Marian Sperberg-McQueen
U. of Illinois at Chicago.
(3) --------------------------------------------------------------44----
Date: Mon, 09 Jul 90 11:39:54 EDT
From: "David R. Chesnutt" <N330004@UNIVSCVM>
Subject: Re: 4.0247 Qs: Indexing ...


In response to Jim O'Donnell's query re indexing, one approach might be
to use a dedicated indexing program rather than trying to handle the
various tasks with a word processing package.

The old mainframe version of CINDEX we developed for the Laurens Papers
project has been revised into a user-friendly PC version that will run
on IBMs or IBM-compatibles and is available through the Newberry Library
at Chicago, 60 West Walton St., Chicago, IL 60610.

Running on a standard IBM-AT, an index with 10,000 cites takes about 45
minutes to sort. We've used the PC version for the last three indexes
of the Laurens Papers. The PC files are fully compatible with the
mainframe version which means that we can easily update our in-house
cumulative index as we publish volumes.

Like its predecessor NLC follows the indexing rules of the Chicago
Manual of Style.

One of the major improvements in the PC version is its flexibility in
allowing the user to edit and resort the index files it creates. On a
normal index at Laurens, we probably spend 50% of our time editing and
refining the index so its very important to us to be able to produce a
"rough draft," edit that, and then have a new draft which incorporates
those changes.

Editing can be done in any word processing package which writes an ASCII
file back out for reprocessing via NLC.

David Chesnutt
Papers of Henry Laurens
University of South Carolina
(4) --------------------------------------------------------------38----
Date: 09 Jul 90 13:29:03 EST
From: James O'Donnell <JODONNEL@PENNSAS>
Subject: indexing report

From: Jim O'Donnell (Penn, Classics)

My thanks to numerous correspondents. I thought I would report briefly
on what I have found about indexing large files.

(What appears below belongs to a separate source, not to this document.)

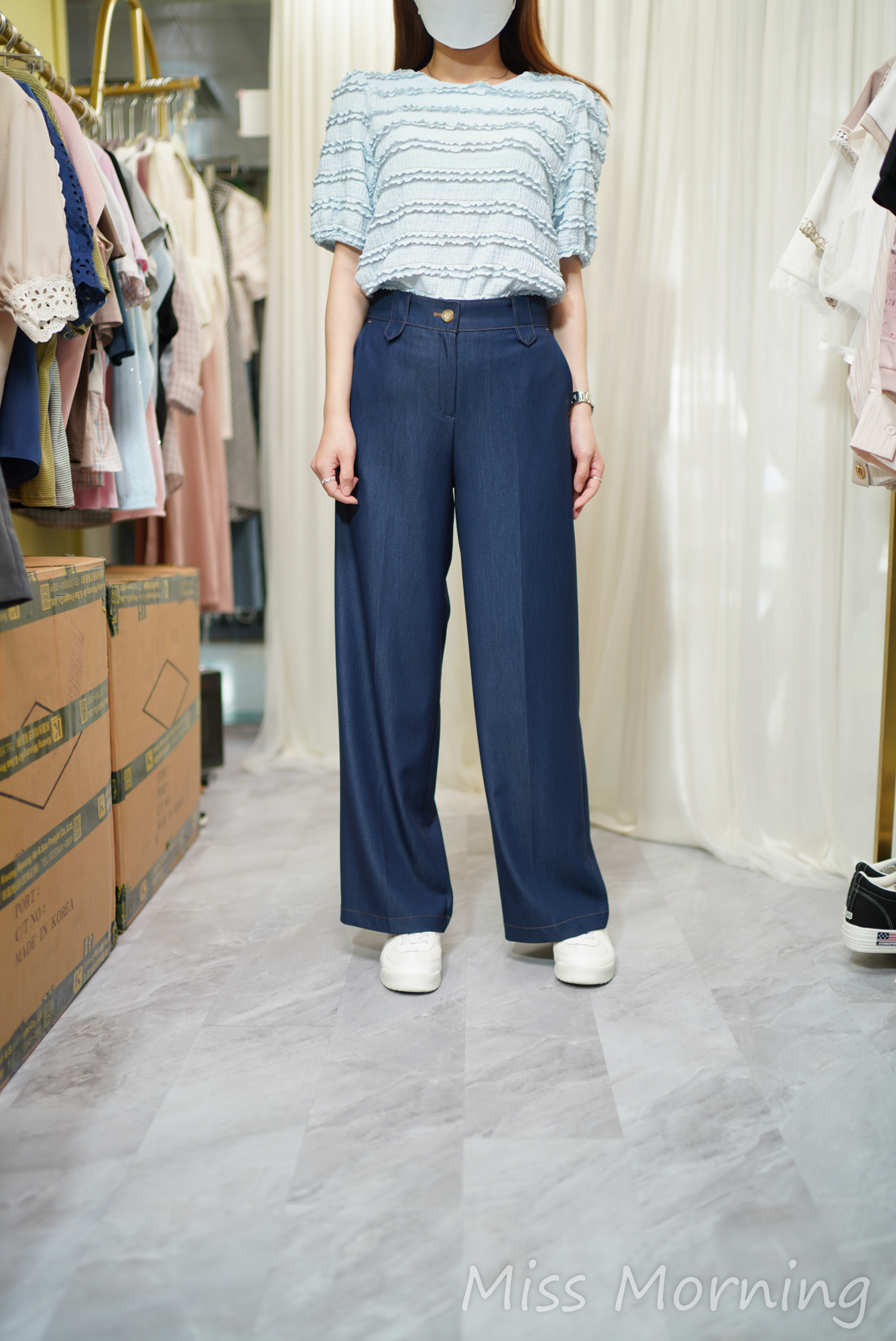 軟熟lace靚色上衣(14539)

1. There is what sounds like a good dedicated index program out there,
and I have encouraged the specialist who knows about it to report
directly.

2. WordPerfect is going through a turtle stage. I have confirmed both
with other users and with their 800-line that if you are at all crowding
the limits of available RAM (not hard, since the program alone takes
well over 400K now in 5.1), the program slows down astonishingly.
Executing a simple command in a 228K file took a full and unbelievable
thirty seconds, just to mark one word for indexing. Expanded memory may
help, if you can get enough headroom that way, and WP reports that they
`are working on it'. Breath-holding not advised.

3. Detailed experiments with Nota Bene have been more encouraging. I put
600+ index markers randomly through the same 228K file, and it generated
a very satisfactory index (on my AT at 8MHz with 640 RAM) in only about
ten minutes. For myself for now, that is probably the way I will go.

3. One piece of advice. If you are creating a text that will need to be
indexed, you may think about including some fence or marker when you are
generating the text. I have a lot of abbreviated references to ancient
works (e.g., Aen. 6.234-238, Aug. conf. 11.10.13): it would speed
things marvelously in marking these things for index if I had put some
fence character (even one that is invisible to the printer) after the
238 or the 13 in those examples: then in one program or another a macro
or a global search/replace could speed the marking of items dramatically.